Democrats Distance Themselves from Rangel

Two House Dems have called for the former representative's resignation.

ByABC News
July 28, 2010, 8:32 AM

July 28, 2010 -- Several Democrats facing competitive elections began distancing themselves Tuesday from embattled New York Rep. Charles Rangel as a potentially damaging hearing on whether he violated House ethics rules drew near.

As Rangel's lawyers tried to negotiate a settlement to avoid a public ethics trial — set to begin Thursday — Democrats attempted to shift focus away from vulnerable lawmakers under pressure from GOP challengers over the Rangel controversy.

"I think everyone would like to have it go away in the sense that this is not a pleasant process," said House Majority Leader Steny Hoyer, D-Md. Hoyer was peppered with questions about Rangel at a news conference designed to detail the party's message for the upcoming recess period in August.

An ethics subcommittee charged Rangel, a Democrat, with unspecified violations July 22 after an 18-month investigation into his fundraising, taxes and financial disclosure statements. The charges will be unveiled at the hearing — the first step in a process unfolding before the midterm elections.

Rep. Zoe Lofgren, D-Calif., chairwoman of the House ethics committee, denied that lawmakers were working on a plea deal with Rangel to avoid a trial.

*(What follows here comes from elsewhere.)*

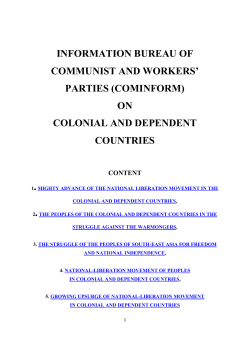 Cominform and the Colonial and Dependent Countries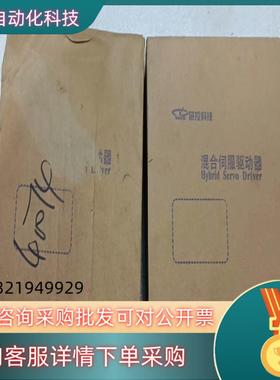 现货全新400w研控伺服驱动器型号MS-S3E V12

She told the Associated Press that Rangel's lawyers are negotiating with the committee's non-partisan staff.

If the negotiations result in an agreement, the committee could vote to accept it at the meeting this week.

Democratic leaders, including Hoyer, said the Rangel investigation demonstrates the ethics review process works, but a growing number of Democratic candidates are nevertheless trying to keep the imbroglio from becoming a factor in their races.

Idaho Rep. Walt Minnick became the second House Democrat to call for Rangel to resign, following Rep. Betty Sutton, D-Ohio, who made that request last week. Both are in competitive races this year, according to the non-partisan Cook Political Report.

"I always prefer to let voters decide whether or not someone should keep his or her seat," Minnick said in a statement. "However ... provided the facts are as alleged, I think it's clear that he should resign."